#### Data to use
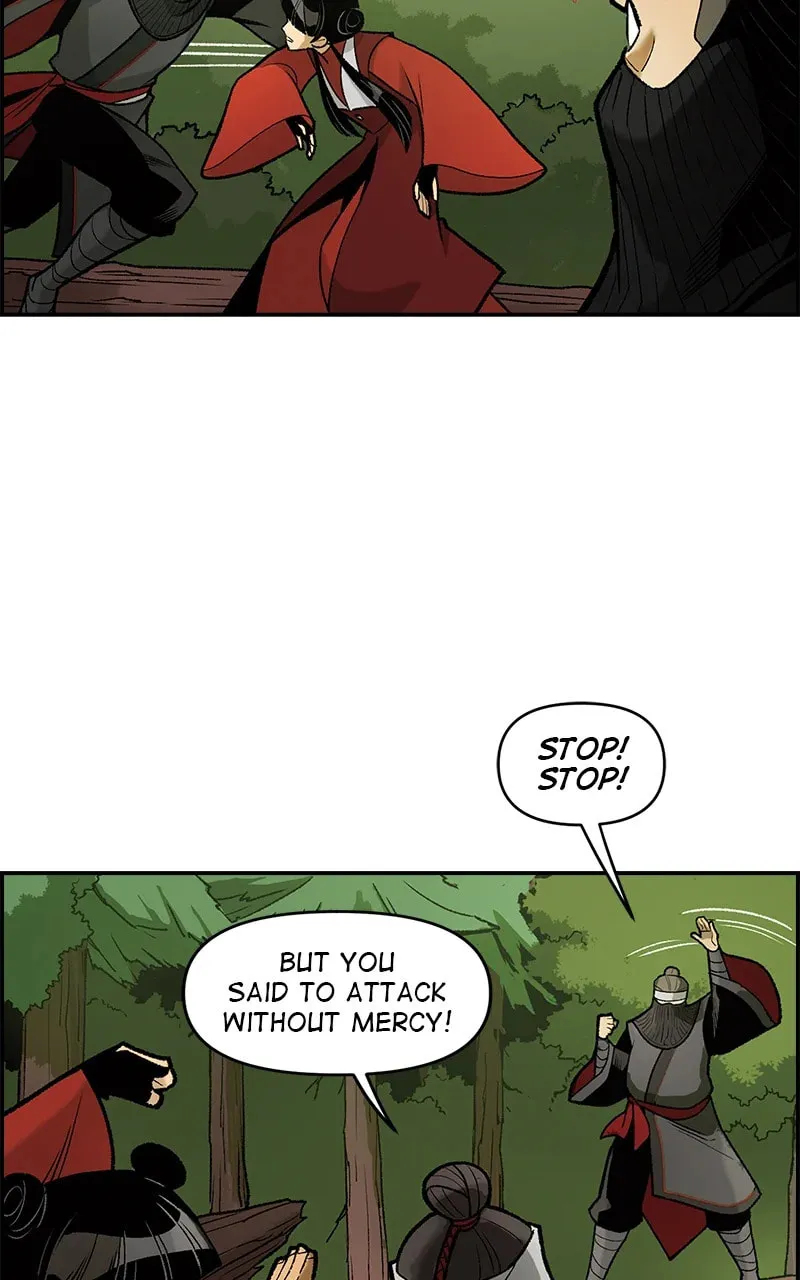 Avatar: The Last Airbender Chapter 49 page 16 - 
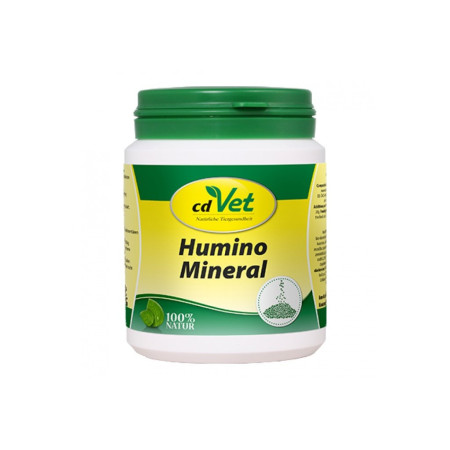 cdVet - Humino Mineral 150g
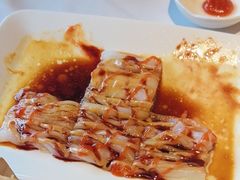 -侨美·唐荔园·40年地道粤菜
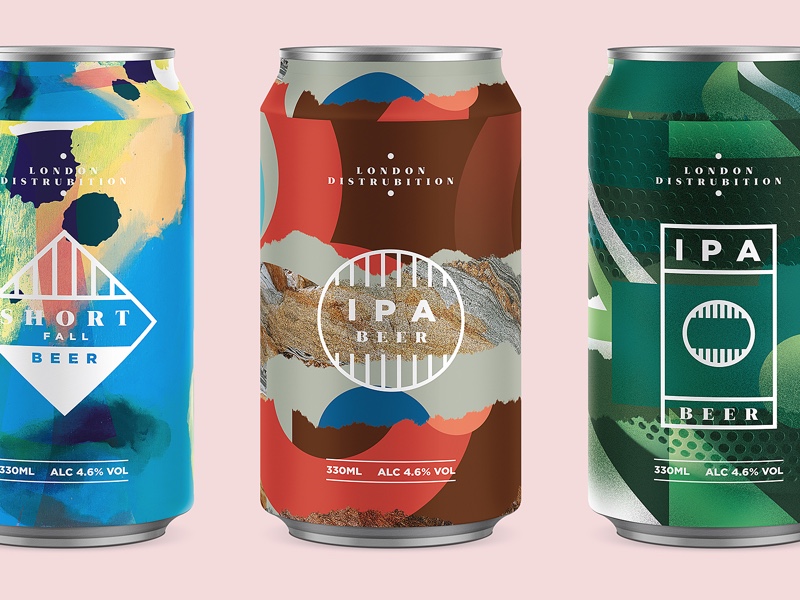 Beer Cans
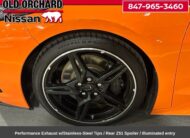 2023 Chevrolet Corvette Stingray Stingray Convertible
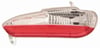 DEPO 661 4002R LD UE Reflektör 51718011 uygun fiyat hızlı kargo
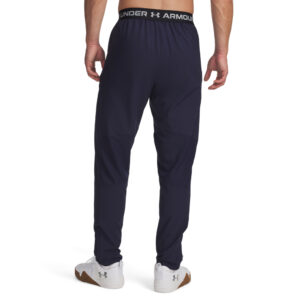 xxlvanish woven tapered pants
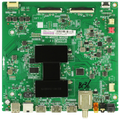 08-MS22T08-MA200AA TCL Main Board, 08-AU55TML-LC220AA, 08-MS22T08-MA300AA, V8-ST22K01-LF1V2286, 55S421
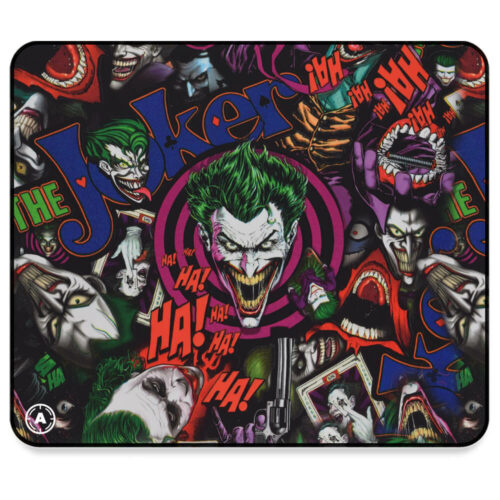 MOUSEPAD XL JOKER COLOR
########
* Exercise description: Output every entry word for word, but omit the pictures.

* Answer for this exercise:
 Avatar: The Last Airbender Chapter 49 page 16 - 
 cdVet - Humino Mineral 150g
 -侨美·唐荔园·40年地道粤菜
 Beer Cans
 2023 Chevrolet Corvette Stingray Stingray Convertible
 DEPO 661 4002R LD UE Reflektör 51718011 uygun fiyat hızlı kargo
 xxlvanish woven tapered pants
 08-MS22T08-MA200AA TCL Main Board, 08-AU55TML-LC220AA, 08-MS22T08-MA300AA, V8-ST22K01-LF1V2286, 55S421
 MOUSEPAD XL JOKER COLOR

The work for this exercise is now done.